=== YOUR TASK ===
The response should consist of every line below, restated exactly, with no pictures.

=== DATA BELOW ===
BEGIN

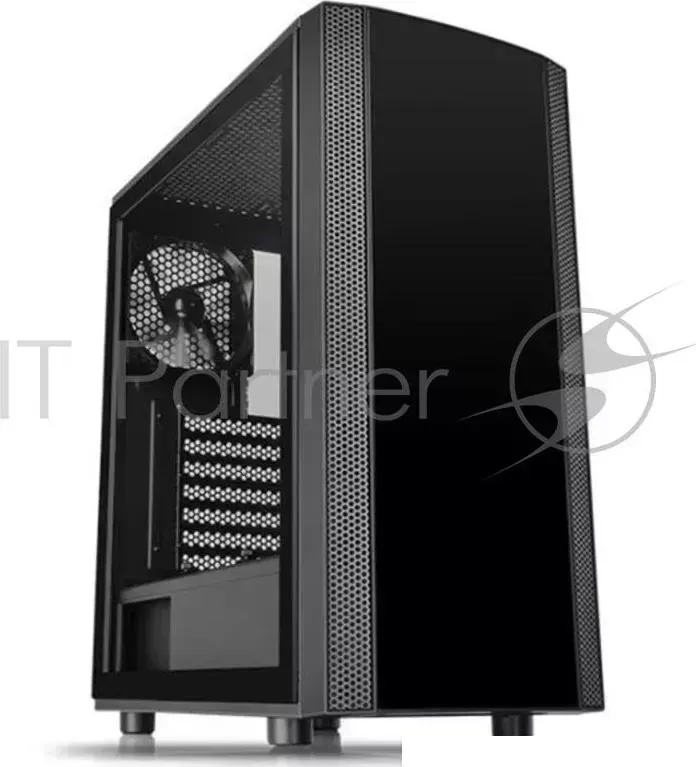 Корпус Thermaltake Versa J25 TG CA 1L8 00M1WN 00 ATX / win / black / no PSU / Tempered Glass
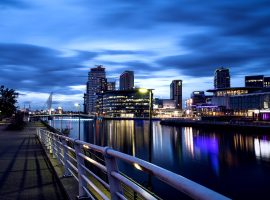 Salford Quays emergency services - Feature image taken by James Johnston Flickr - https://www.flickr.com/photos/jetjohn/46490474242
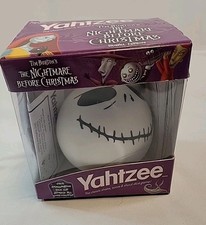Yahtzee The Nightmare Before Christmas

END

=== RESPONSE TO THE TASK ===
 Корпус Thermaltake Versa J25 TG CA 1L8 00M1WN 00 ATX / win / black / no PSU / Tempered Glass
 Salford Quays emergency services - Feature image taken by James Johnston Flickr - https://www.flickr.com/photos/jetjohn/46490474242
Yahtzee The Nightmare Before Christmas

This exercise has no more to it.